For the most part, student publications are filled with articles about award winners and movie reviews, but newspaper staffs still feel pressure from the administration to paint the school in a positive light.
“Even though we aren’t supposed to be censoring our words, we are,” said Deborah Kosnar, 16, a news editor at The Blazer, at the World Journalism Preparatory Academy.
And that self-censorship is a troubling consequence, according to the Student Press Law Center.
“Ultimately it is the most worrisome outcome,” said the center’s executive director, Frank LoMonte, “when students internalize it and just start censoring themselves.”
The inexperience — and vulnerability — of advisers also play a role. It is not uncommon for schools to “dump the newspaper on the new hire,” said Starr Sackstein, the New York State regional director of the Journalism Education Association and adviser to The Blazer.
“Untenured teachers fall prey, and it’s a cold thing for the administration to do.”
As a result, the teachers “end up unknowingly censoring themselves because they are trying to be responsible and safe and administrators exploit that, maybe not uncoincidentally,” Ms. Sackstein said.

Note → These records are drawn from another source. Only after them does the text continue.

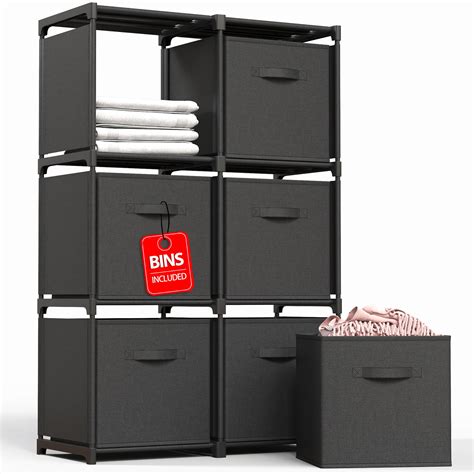 6 Cube Storage Organizer, Cube Storage Shelf with 6 Extra Drawers ...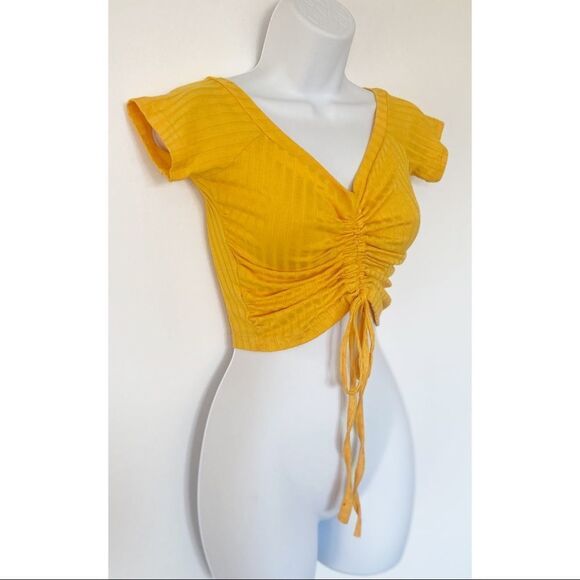Ananas Fashion Ruched Drawstring Front Yellow Tee | Size No Tag - Picture 4 of 7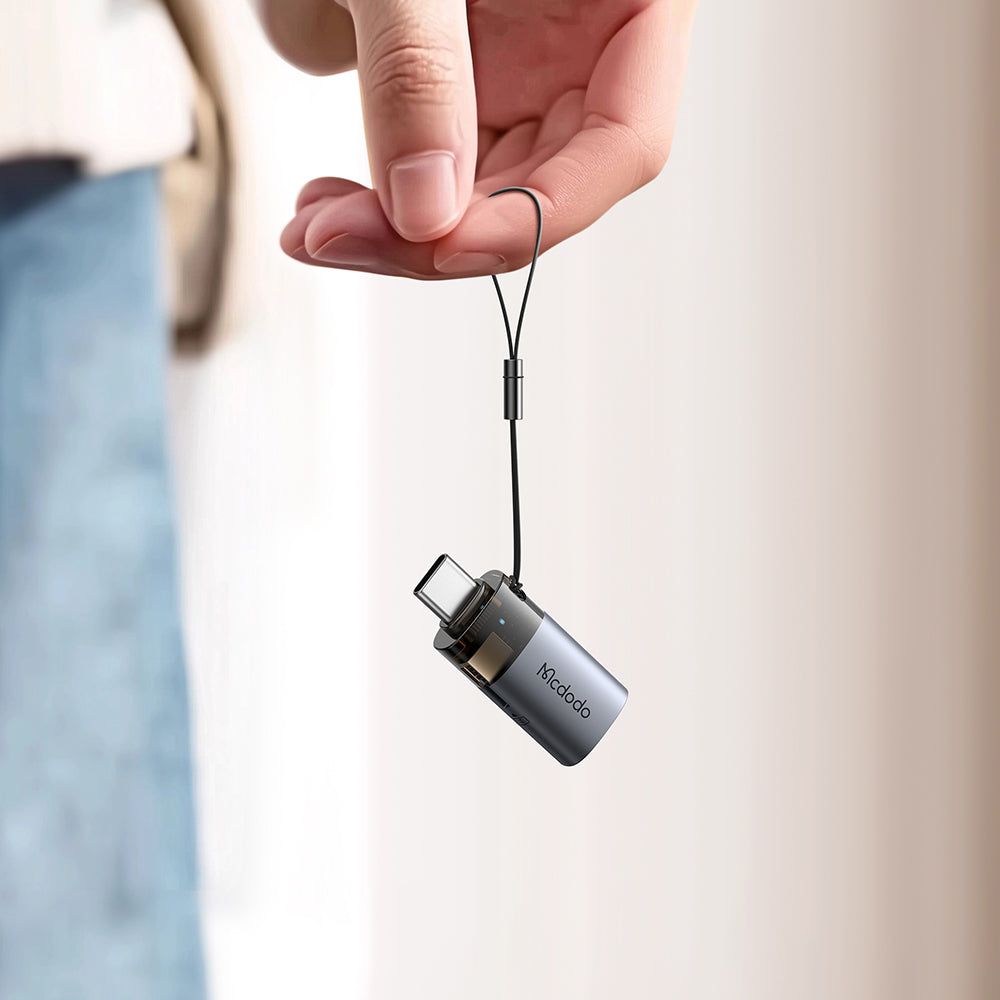 Kortläsare USB-C McDodo OT-7600, USB-A (OTG) - microSD, Svart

This happened to Ms. Kaplan when she let her principal pull the Middle East opinion article.
“I was new and didn’t want to cause trouble,” said Ms. Kaplan, who is now a master teacher in East New York. "So I gave in."
Legally, high school newspapers are on a different footing than those outside the classroom. Unlike law governing commercial newspapers, the law for student journalists is murky when it comes to freedom of the press. In some cases prior review is allowed, in others it is unconstitutional. Either way, it is clear that principals have the final world on the level of First Amendment rights they grant their students.
“It is far and away the most common justification for censorship and it is the most illegitimate one,” Mr. LoMonte of the Student Press Law Center said. “It is legally and educationally unsound.”
Still, there are some schools in New York City that have made the separation between the main office and the newsroom an official part of school policy.
Editors at The Classic, the 23-year-old student paper at Townsend Harris High School, retain complete editorial control of their newspaper. Since 2001 the paper has had a signed agreement with the school’s administration assuring the students’ First Amendment rights.
Having an official charter is rare, but there are other schools, like Queens Vocational and Technical High School, where Mr. Schimenz teaches and where principals and advisers have a verbal agreement: as long as the newspaper is using ethical journalism practices, it is free to publish as it sees fit.
“The Classic is a lot stronger because we are self-sufficient,” said Sarah Mahmood, 19, a former editor in chief of the paper who is now a sophomore at Wellesley College. “We had a sense of responsibility.”
No matter which direction the school administration leans, students are affected by the process.
“It’s not giving us a chance to experience what real journalists experience,” said Ms. Kosnar, The Blazer editor. Her school does not have prior review, but she still feels that she is under the principal’s watchful eye. “To get that freedom of speech must feel real good, and we can’t have that feeling.”
Cases of principals exerting influence over high school newspapers have surfaced in private schools, but incidents at public high schools are rarely publicized because advisers fear the repercussions.
That, Mr. LoMonte said, makes student papers all the more relevant.
“If there is something wrong inside of the school, it is the school newspaper’s job to point that out,” he said, “’cause no other paper is going to.”